◆ Task details ◆
Return all of the data exactly, omitting any images.

◆ Data shown ◆
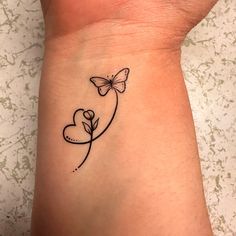 a small tattoo on the wrist of a woman with a butterfly and heart shaped flower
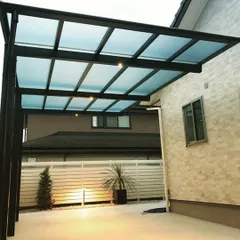 This modern carport features a translucent polycarbonate roof and a minimalist black frame. The design provides shelter for the vehicle while allowing light to pass through, preventing the area from feeling dark.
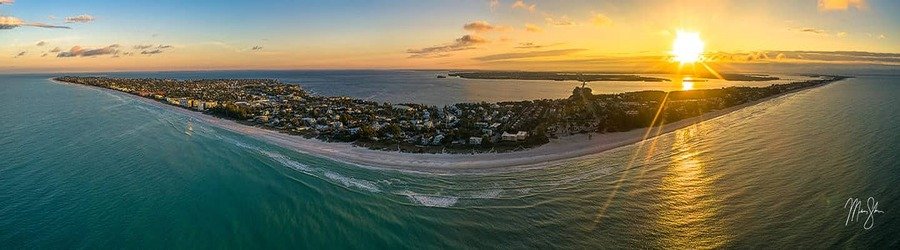 Aerial panorama of Anna Maria Island Florida at sunset with long stretches of beach and calm seas.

◆ Solution ◆
 a small tattoo on the wrist of a woman with a butterfly and heart shaped flower
 This modern carport features a translucent polycarbonate roof and a minimalist black frame. The design provides shelter for the vehicle while allowing light to pass through, preventing the area from feeling dark.
 Aerial panorama of Anna Maria Island Florida at sunset with long stretches of beach and calm seas.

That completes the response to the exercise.